Police Take Dangerous' Emotet Botnet and NetWalker Ransomware Sites

Police Take Dangerous' Emotet Botnet and NetWalker Ransomware Sites

Police agencies around the world, including the RCMP and FBI, say they have crippled one of the worst malware distribution networks by seizing the infrastructure behind the Emotet botnet.

In addition, US officials say the distribution of networker ransomware has also been disrupted. This includes charges against Canadians and the forfeiture of approximately $ 454,530 in cryptocurrency from ransom payments.

According to an indictment released today in Florida, Sebastian Vachon-Desjardins of Jatinue, Ky., Is alleged to have received at least US $ 27.6 million as a result of the offenses listed in the indictment.

Imotate Control Server in Canada

In a statement on Wednesday morning, the RCMP said 13 of the 50 command and control servers were located in Canada behind Emotet.

The week-long operation involved officials from the Netherlands, Germany, United Kingdom, France, Lithuania and Ukraine.

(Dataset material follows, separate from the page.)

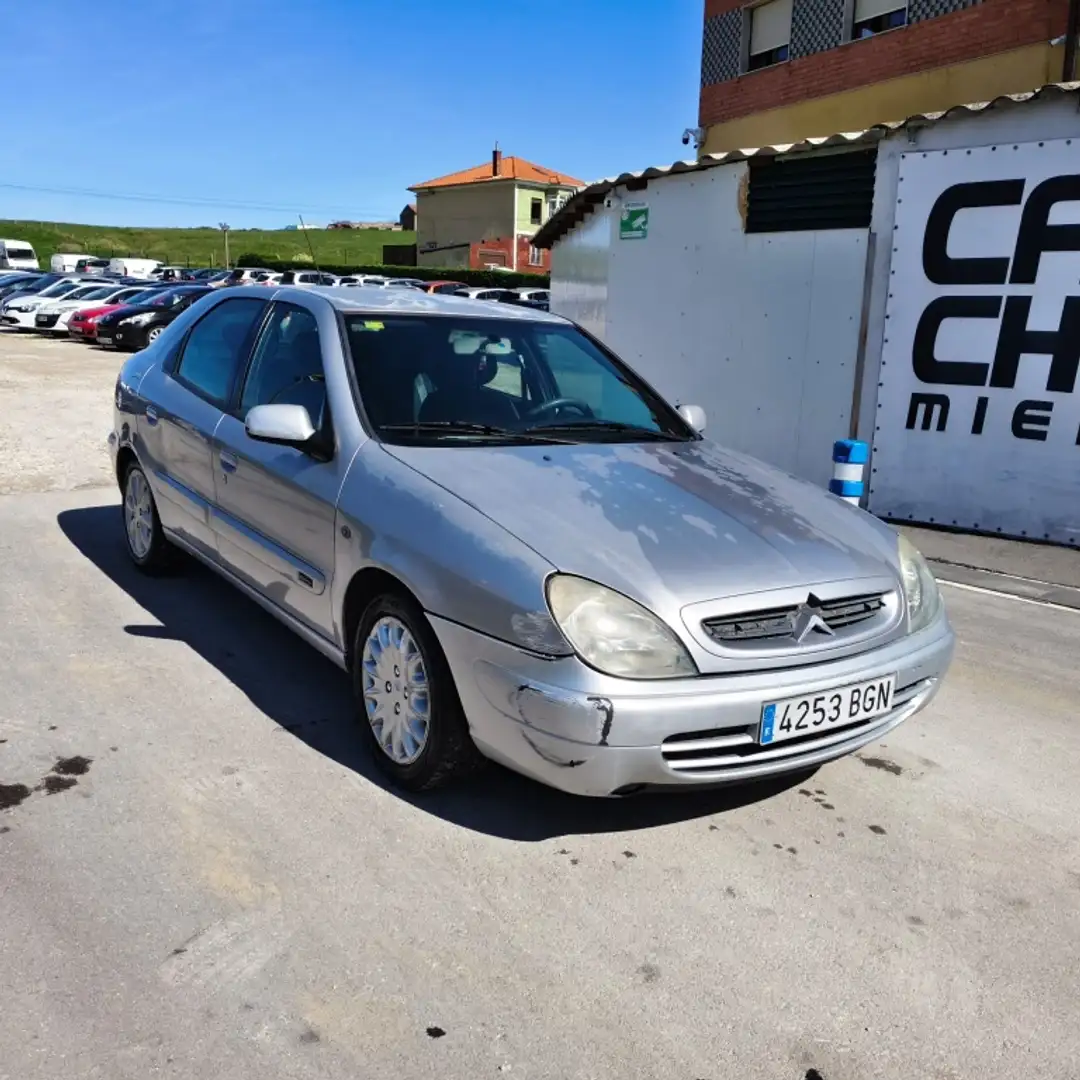 Citroen Xsara 1.9D SX Gris - 2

UPDATE: The ZDNet news service reports that law enforcement officials in the Netherlands are expected to deliver an update via the captured Emotet server that will erase any malware distributed via botnet on 25 March.

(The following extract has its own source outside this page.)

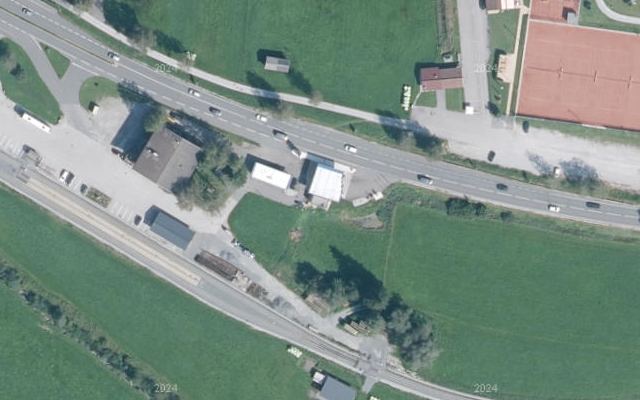 Luftbild von LMEnergy Express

It was later clarified by Malwarebytes that the removal code would be executed on 25 April.

According to the Europol Police Cooperative, law enforcement and judicial officers gained control of the Amotte infrastructure and "took it down inside" using a unique and new approach.

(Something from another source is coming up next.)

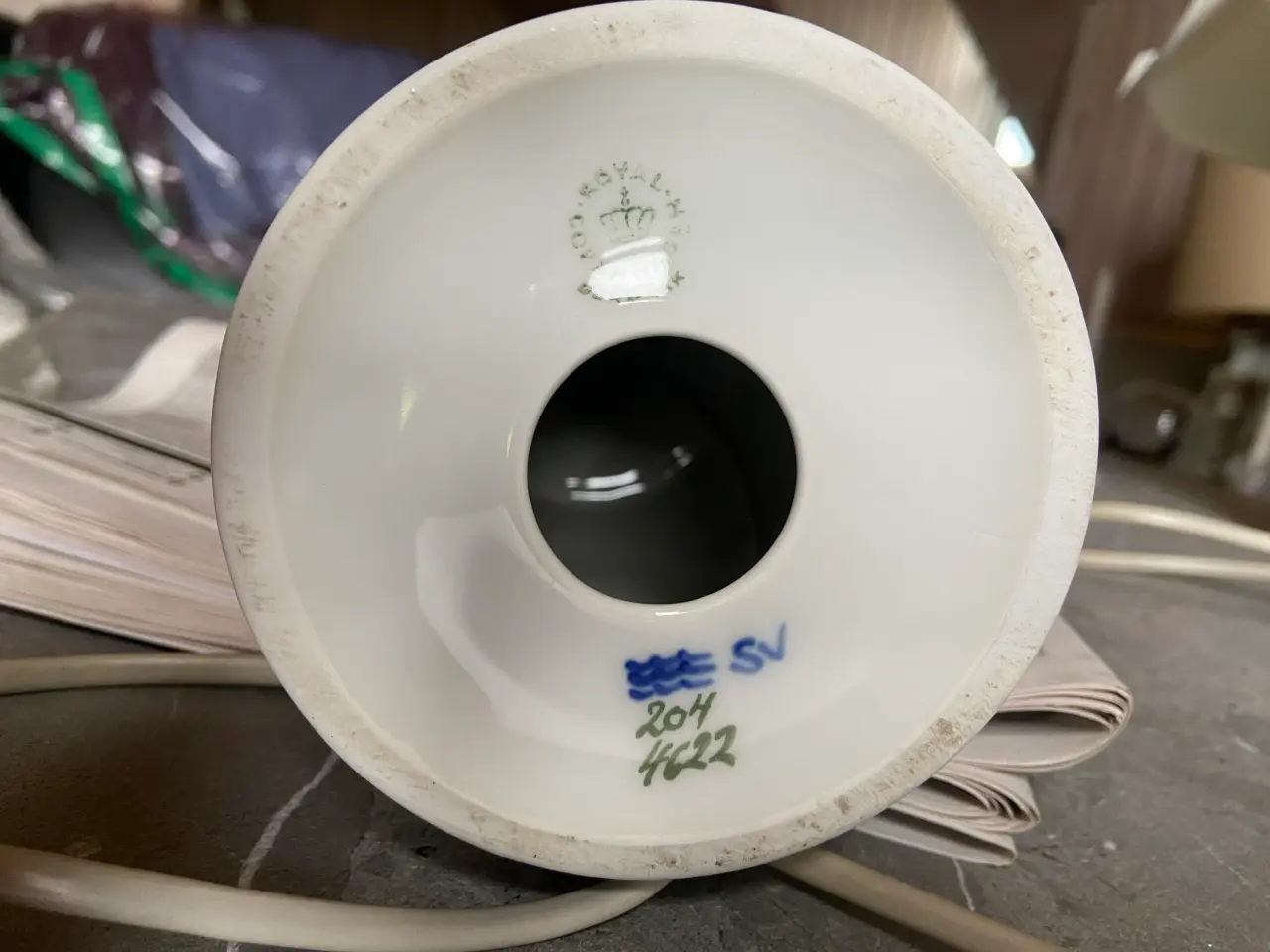 Billede 4 - Royal Copenhagen bordlamper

"Amotate is one of the most professional and long-lasting cyber crime services," Europol Police Cooperative said in a statement. First discovered in 2014 as a banking trojan, malware evolved over the years as a solution for cybercriminals. The Emotet infrastructure essentially served as a primary gateway to computer systems globally. Once this unauthorized access was established, these were sold to other top-level criminal groups to deploy more illegal activities such as data theft and extortion through ransomware. "

According to RCMP, Emotet infected more than 1.7 million computers in 226 countries, including 6,000 in Canada. It is estimated that malware is the foundation for 60 percent of cyber attacks and acts as a digital precursor to a wide range of other extremely harmful malware, making it one of the most important current digital threats.

Emotet was a polymorphic threat, meaning that every time it was called, it changed its code.

Netwalker also goes down

The NetWalker ransomware group has also been killed by the police. According to online security researchers, anyone visiting the NetWalker Web site, where he lists his victims, is greeted with a sign that says, "This hidden site was seized by the Federal Bureau of Investigation have taken. The action is carried out in coordination with the United States Attorney's Office for the Middle District of Florida and with the Computer Crime and Intellectual Property Section of the Department of Justice, organized crime in substantial cooperation with the Bulgarian National Investigative Service and the General Directorate. "

In a January 27 statement, the US Department of Justice confirmed the seizure and said NetWalker frequently attacked the healthcare sector to take advantage of COVID-19 concerns.

Acting Assistant Attorney General Nicholas McCuid said, "We are coming back not only against criminal actors against responsible actors, but against disrupting criminal online infrastructure and increasing extortion threats wherever possible." Criminal Division of the Department of Justice. "Ransomware victims should be aware that coming forward to law enforcement as soon as possible after an attack can have significant consequences such as those achieved in today's multidisciplinary operation."

NetWalker is a ransomware-as-a-service operation that, in addition to installing ransomware, enables data theft to put more pressure on victims to pay. According to Cybercity vendor Varonis, the group (also called Melto by some researchers) has raised more than US $ 30 million in ransom cash since its first significant attacks in March 2020.

Vernis believes that NetWalker was created in 2019 by a group called "Circus Spider". Circus Spider "Mummy Spider" is one of the new members of the Cyber ​​Criminal Group. First, it served as the most ransom strains, establishing an initial footing via phishing email, then exfoliating and encrypting sensitive data to hold hostage for a large ransom. But then, the developers followed the labyrinth group's model and expanded to ransomware-as-a-service, allowing "affiliates" to join their network.

Affiliates are chosen for their experience in the network, their ability to speak Russian (according to Varonis the developers do not accept English speakers), and proof of experience including their ability to hack into quality targets.